Markets in Asia and Europe got a confidence boost from Wall Street as investors shook off the impact of Islamist terrorist attacks in Paris Friday in which 129 people died. U.S. stocks continued posting positive gains around Tuesday's close, as investors cheered decent earnings reports.
Despite jumping on geopolitical concerns Monday, oil prices, however, came under pressure Tuesday, as investor sentiment returned to concerns over global oversupply in crude. At the close Brent crude was at $44.14 a barrel, while U.S. crude slipped further, trading at $41.31 a barrel.
Despite this, oil and gas sector was the top performing sector on Tuesday, closing up over 3 percent, with most of the sector posting strong gains.

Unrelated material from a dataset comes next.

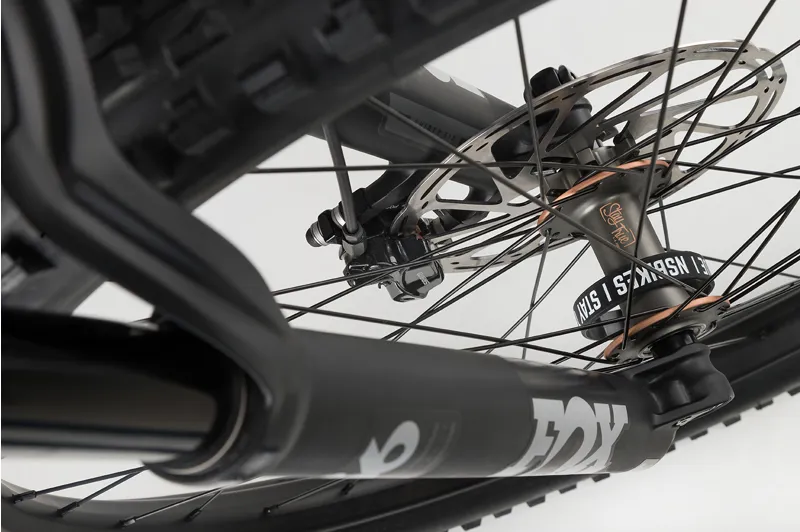 NS Bikes Define AL 150 1 Full Suspension MTB 2021 Metallic Green-3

Repsol closed up over 5 percent, while Royal Dutch Shell and Subsea 7 finished trade above 3 percent.
Greece reached an agreement with its lenders on financial reforms early on Tuesday, its finance minister said according to Reuters, removing a major obstacle holding up fresh bailout loans for the cash-starved country. Athens stock exchange jumped on the back of this, finishing up over 2 percent.
U.K. deflation persisted in October, after data from the Office of National Statistics revealed the price of goods and services bought by U.K. households had fallen 0.1 percent, since October 2014. As this was in line with analysts' forecasts, the FTSE 100 and retail stocks finished trade higher.